Token Splitter
This module includes classes and functions for splitting a token into two smaller tokens.
TokenSplitter
¶
This class includes methods for splitting a token into two smaller tokens.
__init__()
¶
Initializes the TokenSplitter and loads the necessary lemmatizer data.
split_token_words(token)
¶
Splits the input token into two smaller tokens.
If the token can be split in more than one way, it returns all possible states;
for example, 'داستانسرا' can be split into both ['داستان', 'سرا'] and
['داستانسرا'], so it returns both: [('داستان', 'سرا'), ('داستانسرا',)].
Examples:
>>> splitter = TokenSplitter()
>>> splitter.split_token_words('صداوسیماجمهوری')
[('صداوسیما', 'جمهوری')]
>>> splitter.split_token_words('صداو')
[('صد', 'او'), ('صدا', 'و')]
>>> splitter.split_token_words('داستانسرا')

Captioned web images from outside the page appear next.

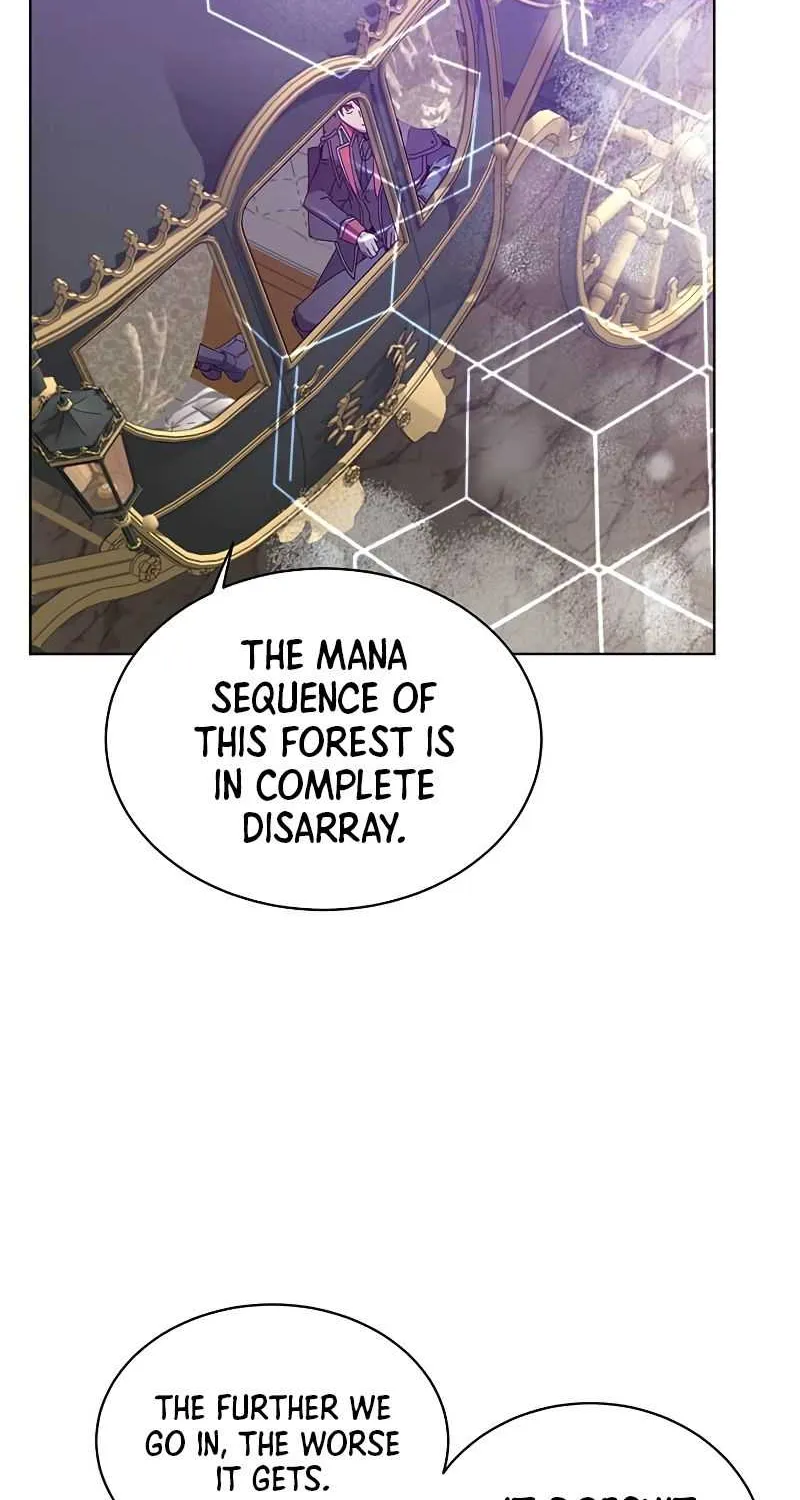 Read The Max Level Hero Has Returned! chapter 84 image 29 on Lezhin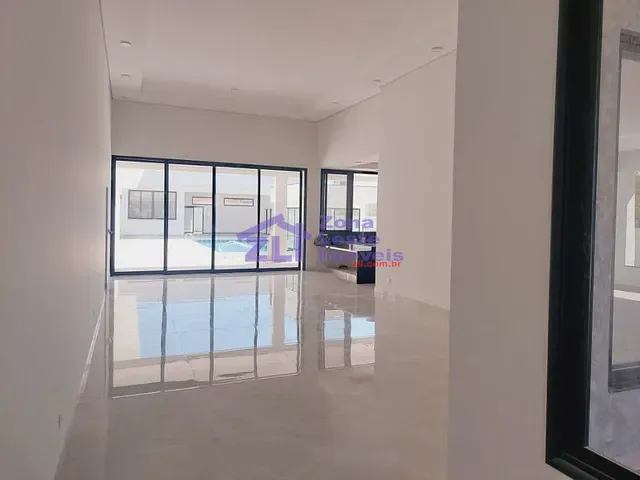 Casa com 1500m² 4 quartos e 8 banheiros, à venda, no bairro Jardim Peri em São Paulo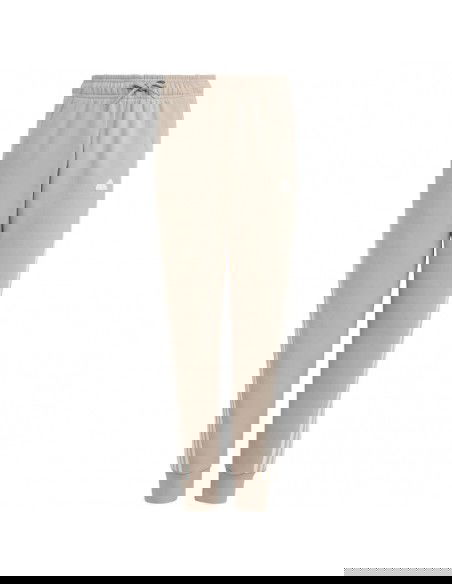 Adidas Παιδικό Παντελόνι Φόρμας Ροζ Future Icons 3-Stripes IC0117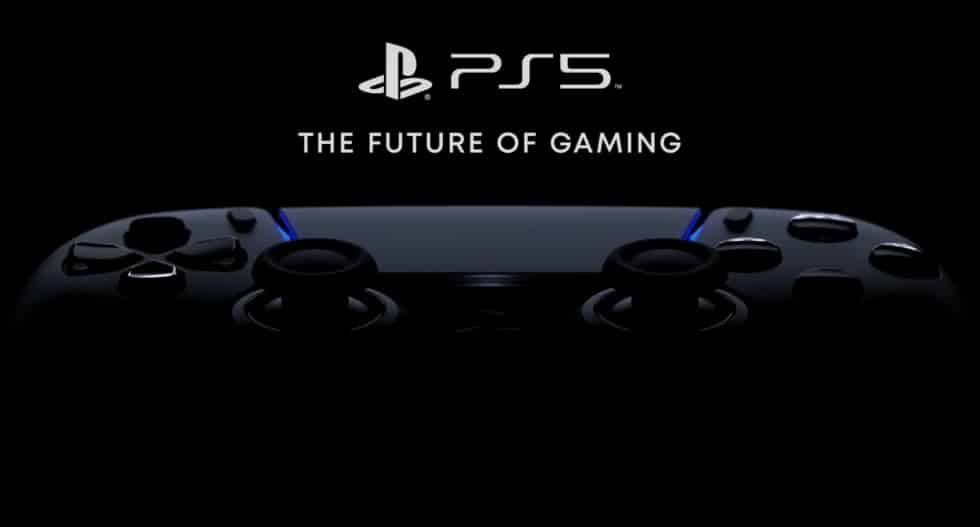 ps5 event new date.original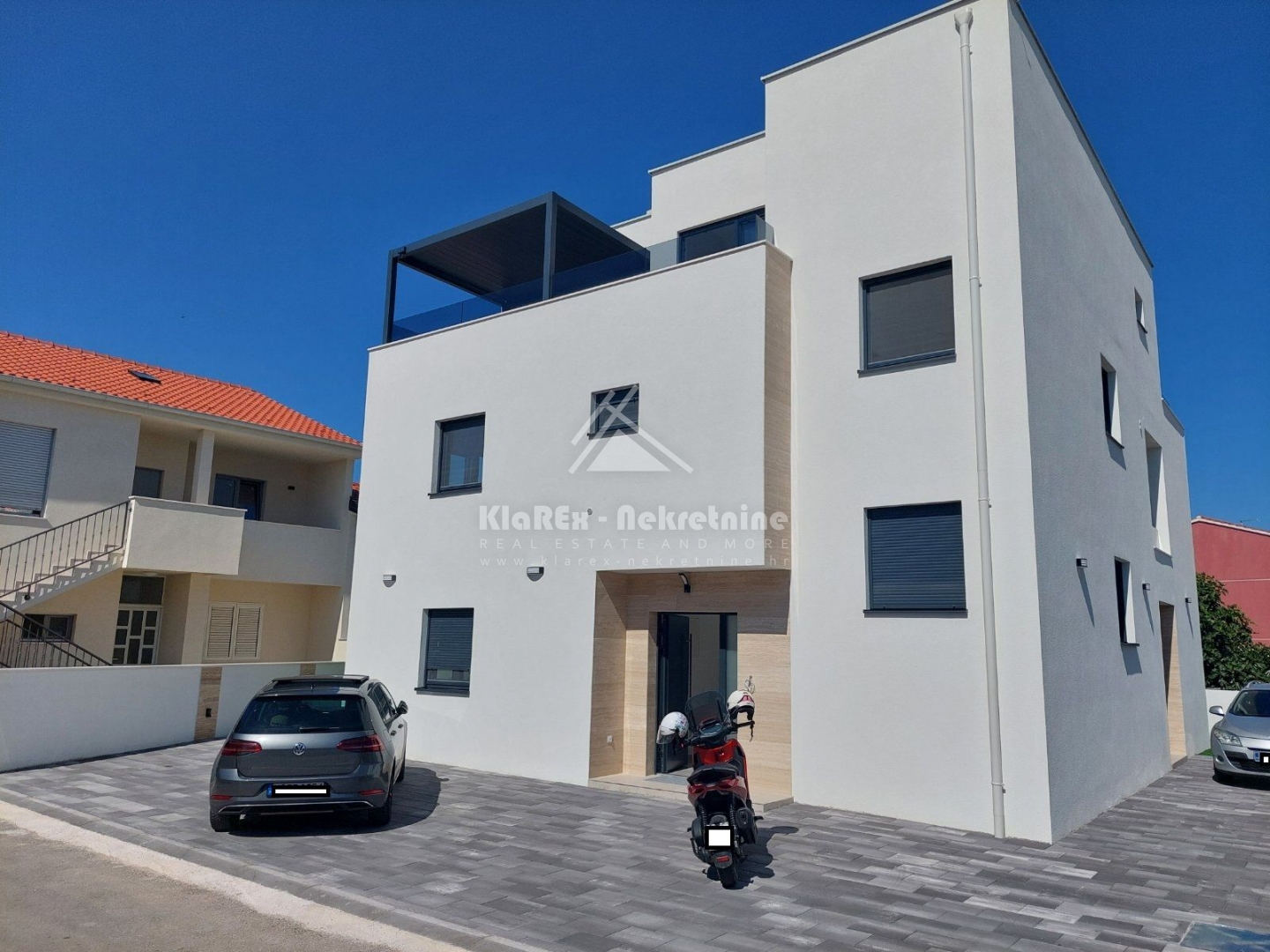 House For sale - Srima - foto 1/29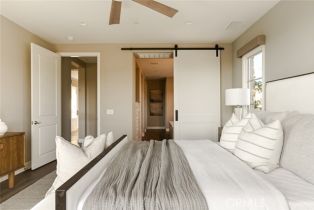 Single Family Residence, 101 Via Artemesia, San Clemente, CA 92672 - 40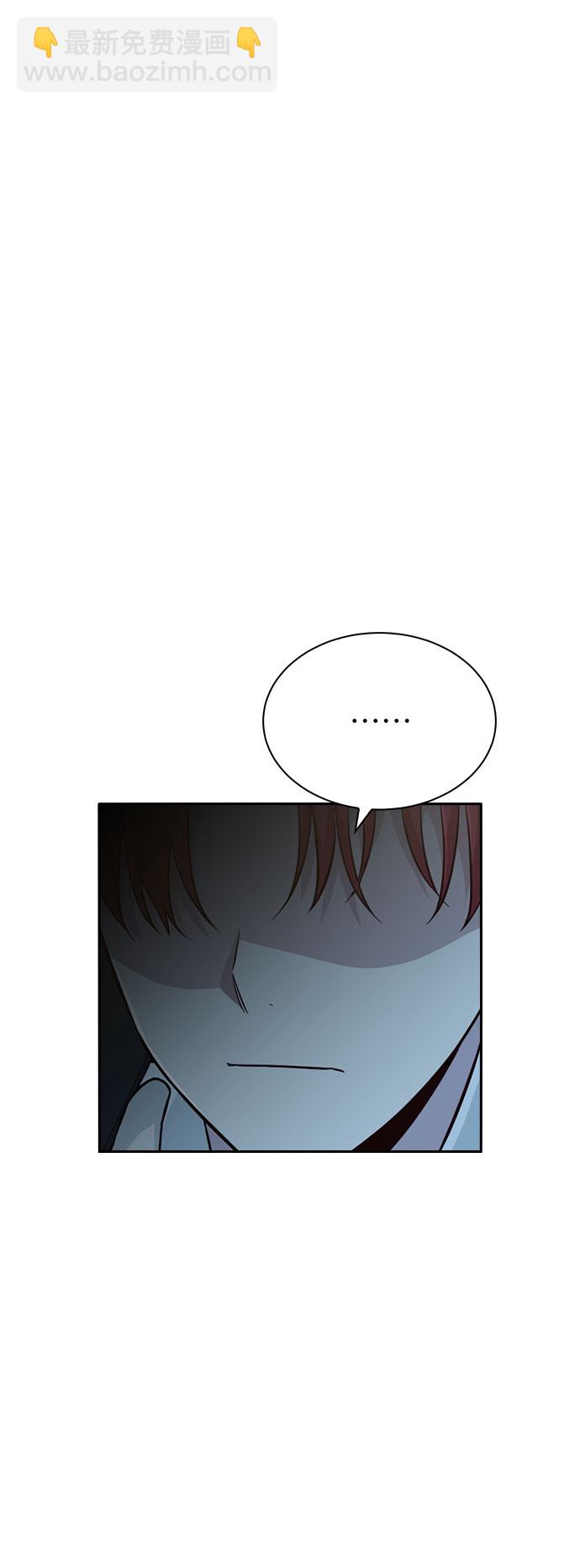 第29话78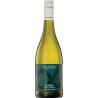 Yalumba GEN Organic Pinot Grigio 750ml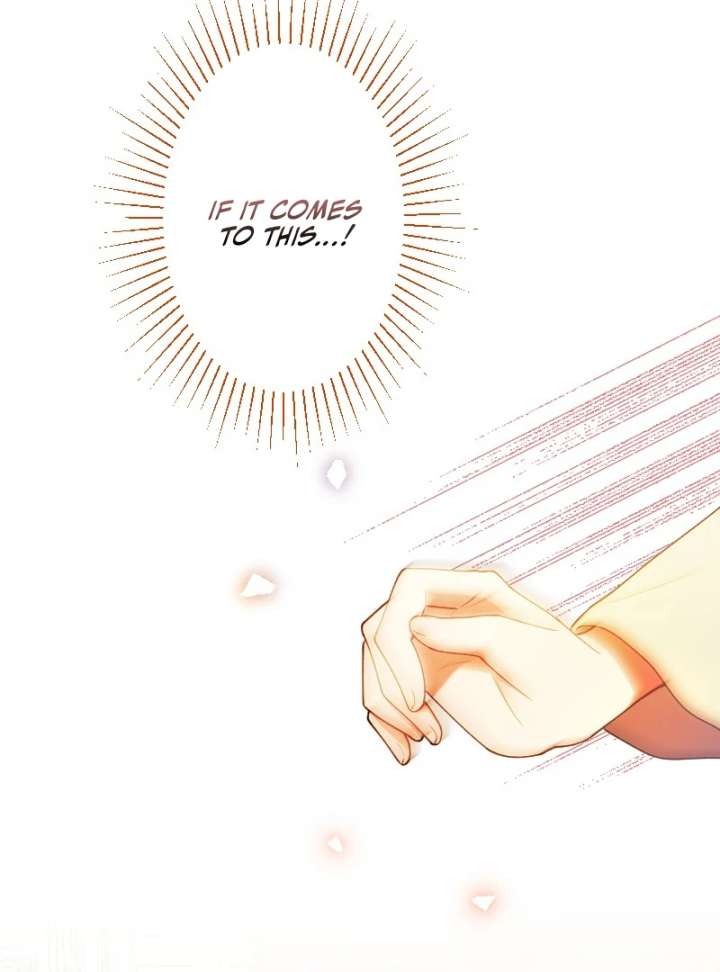 The Saintess’s Fast Track to Making a Baby! Chapter 11 414 086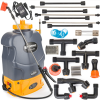 Powermat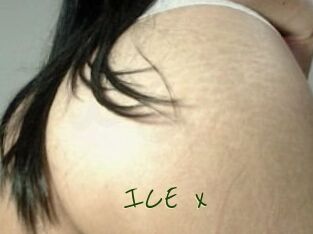 ICE_x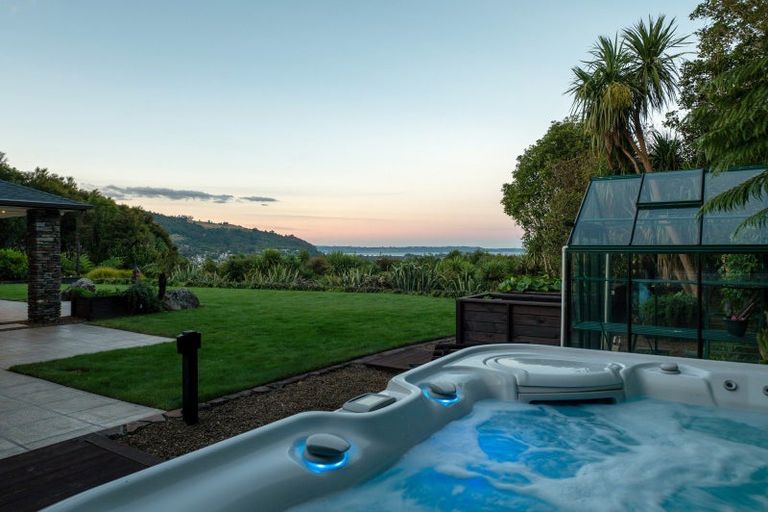 Photo of property in Parkland Estate, 35/275 Pukehangi Road, Sunnybrook, Rotorua, 3015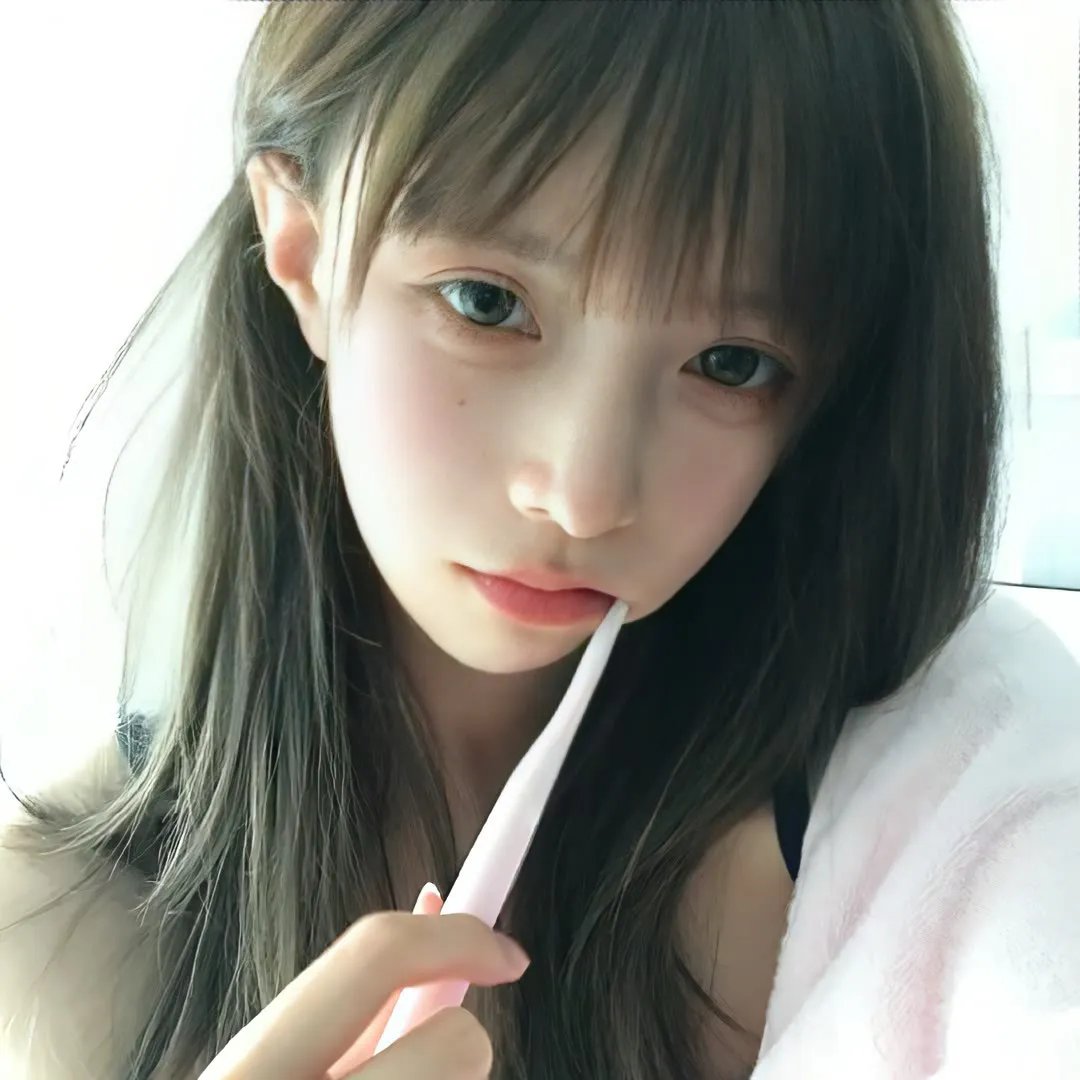 倍儿喜欢你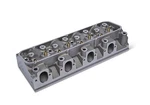 Ford Mustang Cobra Jet 1968-1997 Bare Cylinder Head New. Price: $990.00.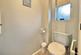 Additional image 10 of The Glades, Locks Heath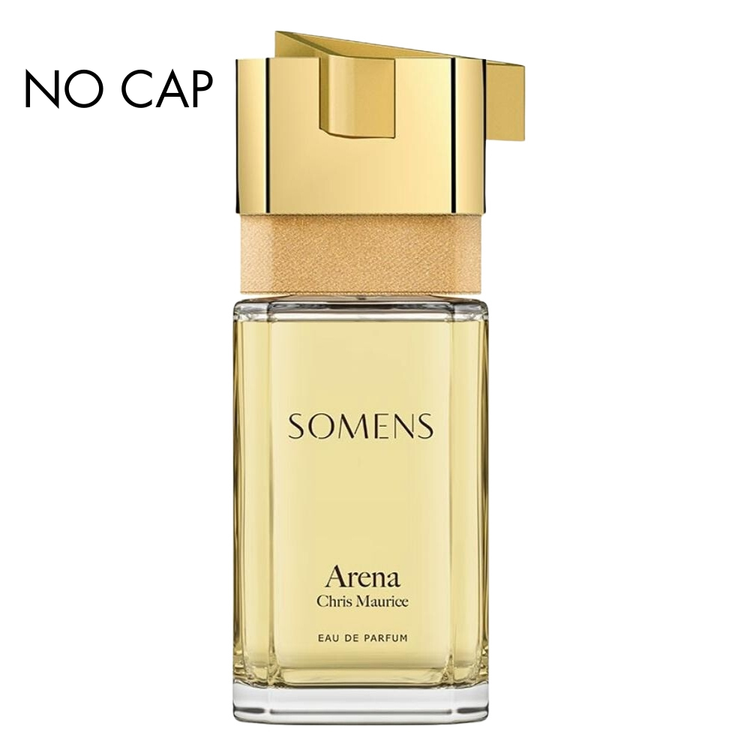 Somens Arena Eau de parfum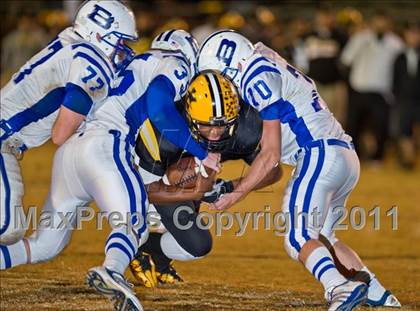 Thumbnail 2 in Brevard @ Lincolnton photogallery.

[('داستان', 'سرا'), ('داستانسرا',)]
>>> splitter.split_token_words('دستانسرا')
[('دستان', 'سرا')]
Parameters:
| Name | Type | Description | Default |
|---|---|---|---|
token
|
str
|
The token to be processed. |
required |
Returns:
| Type | Description |
|---|---|
list[tuple[str, str]]
|
A list of tuples, each containing the split parts of the token. |